Richard Estes is the doyen of American Photorealism, a movement that began as an offshoot of Pop Art in the 1960s. The artists of American Pop intended to celebrate the everyday vernacular of the urban scene, delighting in the vulgarities of cheap advertising and brash design.
Whereas some of them were content to record these elements in terms that hardly disguise their ordinariness, Estes brought a poetic sensibility to his subject matter that transports it into a tradition which includes several well-established episodes of art-history. His lucid, clearly-lit street scenes have prompted critics to award him the sobriquet “the Canaletto of New York”. (He has painted views in Venice, too, but they are hardly as “Canalettoish” as his scenes on Third Avenue or Union Square).

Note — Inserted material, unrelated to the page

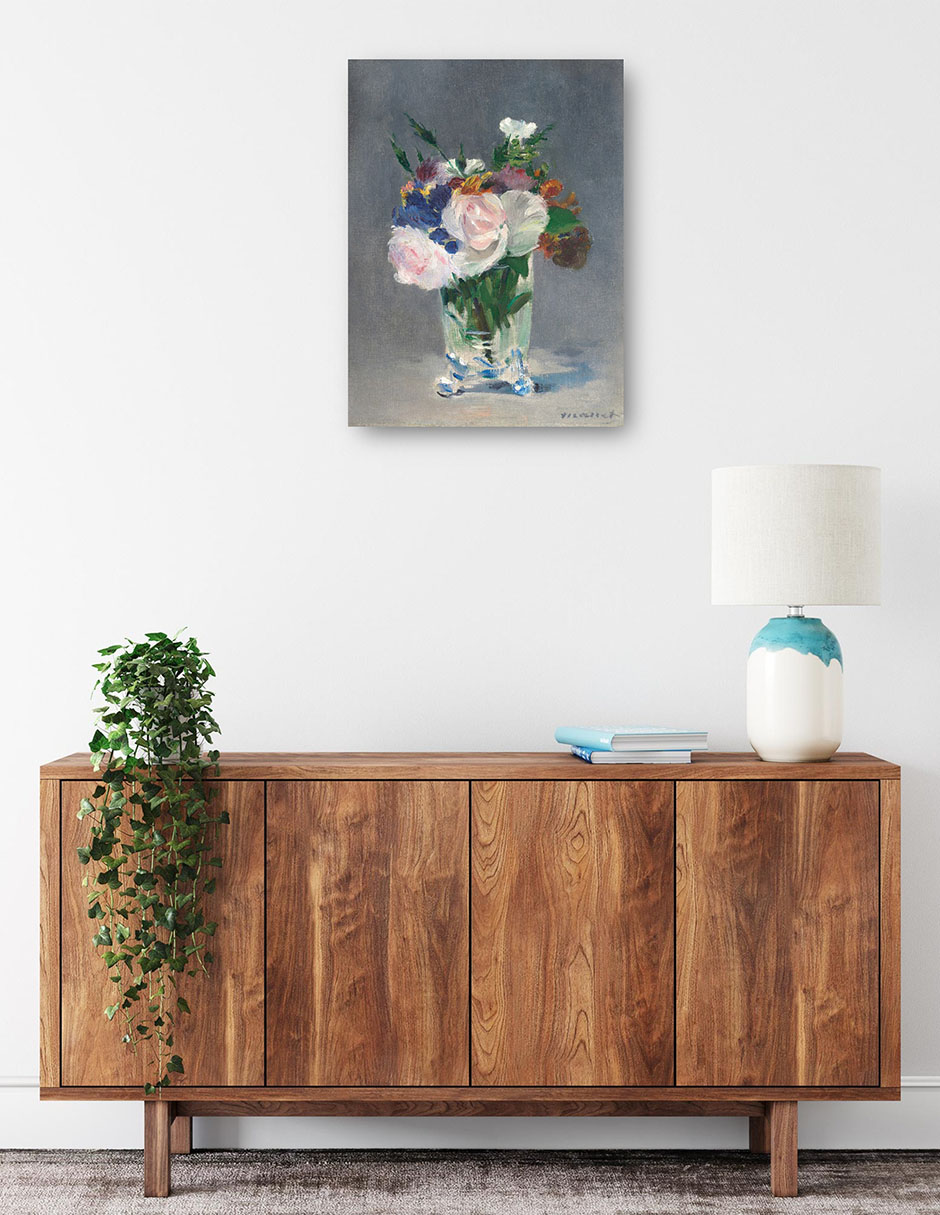 Foto 2 | Cuadro Decorativo - Flores En Un Jarrón De Cristal- Edouard Manet - Floral - 46x61 - Impresión En Lienzo - Fine Art Tj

For instance, this view of a diner – a lunch-time eatery – with three telephone boxes in front of it, is an apparently banal street scene like a large number of his subjects, ostensibly recorded just as his camera photographed them. We imagine the artist composing his photograph: the light clear and bright with no dramatic chiaroscuro, but quirkily including the row of phone booths that obscure the facade of the functional little building. They are positioned so that they both interfere with our view of the diner and complicate the grid of horizontals and verticals that makes up its structure. We start to see the picture not as a representation of a specific spot, but rather as a subtly balanced system of interlocking lines. The dull lustre of the metal elements, the bright red and white of the cheap little diner contrasting with the buffs of the paving slabs, contribute to an abstraction as formal in its arrangement as an abstract painting by Mondrian.
At the same time, we are entertained by the subsidiary sequence of planes formed by the half-opened doors of the booths, the blank dark window of the diner itself, the partly-glimpsed details of a street scene beyond. And notice, too, the flashes of diagonal reflections from the booth doors, lovingly recorded as though by a Dutch master. Estes has been particularly fascinated by the role of glass in the urban street: his paintings are a prolonged hymn to plate-glass and its capacity to reflect whole urban perspectives of buildings and cars so that they echo themselves across broad compositions. He loves the ambiguity of reality and full-scale reflection, and has often made that the subject of his work.
These harmonious structures are created on canvas with deadpan simplicity, replicating the objective clarity of the camera (whose literal images are far removed from the end-products of the artist’s interventions, as we’ve seen). They are incontrovertibly of their time, yet their loving obedience to the basic rules of vision is reminiscent of a Renaissance painter revelling in the new discoveries of linear perspective. Estes uses the camera as a means to rediscover the most elementary laws of seeing, while visiting the great achievements of European painting over its centuries-long history, and paying oblique homage to them.